# Where to live in Al Reem island?



## ehodjat

Hello everyone,
We’ll move to Abu Dhabi around April and as my husband’s office is in Al Reem island, we are considering to rent a flat in that area (I’d never been in Abu Dhabi but traveled quite a lot to Dubai).
The following towers have been advised to us:
- Sky Tower
- Sun Tower
- Gate Tower
- Arc Tower

I appreciate any feedback about these towers. Also I am open to any suggestions about other places in Al Reem Island or other location in Abu Dhabi.

Thanks 
Elham


----------



## rsinner

ehodjat said:


> Hello everyone,
> We’ll move to Abu Dhabi around April and as my husband’s office is in Al Reem island, we are considering to rent a flat in that area (I’d never been in Abu Dhabi but traveled quite a lot to Dubai).
> The following towers have been advised to us:
> - Sky Tower
> - Sun Tower
> - Gate Tower
> - Arc Tower
> 
> I appreciate any feedback about these towers. Also I am open to any suggestions about other places in Al Reem Island or other location in Abu Dhabi.
> 
> Thanks
> Elham


His office is probably going to be in Sun Tower (in which case live in any of the towers you listed - all are fine) or in Tamouh Tower - in which case you could live in Marina Square (I recommend buildings 11,12,13).


----------



## ehodjat

Thank you so much


----------



## isicman

Gate towers/Arc have the best facilities but you can't open the windows in Gate. Some Arc apartments have balconies. 3 pools, squash, billiard, tennis, table tennis, basketball, kids playground, many gyms one of them for ladies only. Parking is generally limited to 1 car for apartments up to 2BR. Renting 1 more parking spot is around 6000aed per year.
Sun and Sky have the Boutik mall in the podium with a supermarket and some restaurants. You can open windows there. Facilities are quite good with a 50m swimming pool and jacuzzis, squash, tennis, basketball, a ladies only gym too.
If the office is in Sun tower, there is limited parking for office staff. Any of the locations you mentioned are walking distance from it.
The other office tower is Addax/C1 tower which is not far away.

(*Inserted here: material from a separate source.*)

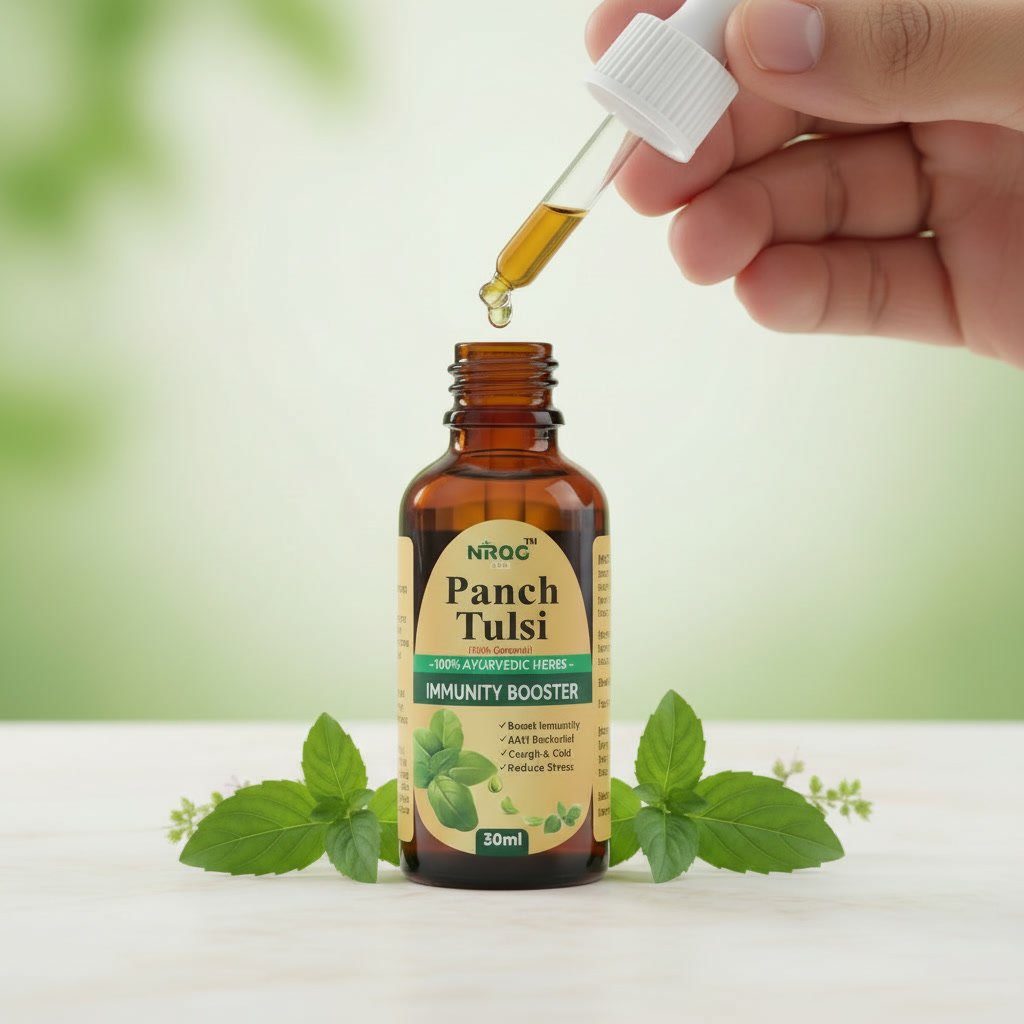 Nirog Lab Panch Tulsi Drop – Powerful Ayurvedic Immunity Booster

Sent from my LG-H860 using Tapatalk


----------



## ehodjat

isicman said:


> Gate towers/Arc have the best facilities but you can't open the windows in Gate. Some Arc apartments have balconies. 3 pools, squash, billiard, tennis, table tennis, basketball, kids playground, many gyms one of them for ladies only. Parking is generally limited to 1 car for apartments up to 2BR. Renting 1 more parking spot is around 6000aed per year.
> Sun and Sky have the Boutik mall in the podium with a supermarket and some restaurants. You can open windows there. Facilities are quite good with a 50m swimming pool and jacuzzis, squash, tennis, basketball, a ladies only gym too.
> If the office is in Sun tower, there is limited parking for office staff. Any of the locations you mentioned are walking distance from it.
> The other office tower is Addax/C1 tower which is not far away.
> 
> Sent from my LG-H860 using Tapatalk


Thank you so much, it was very helpful


----------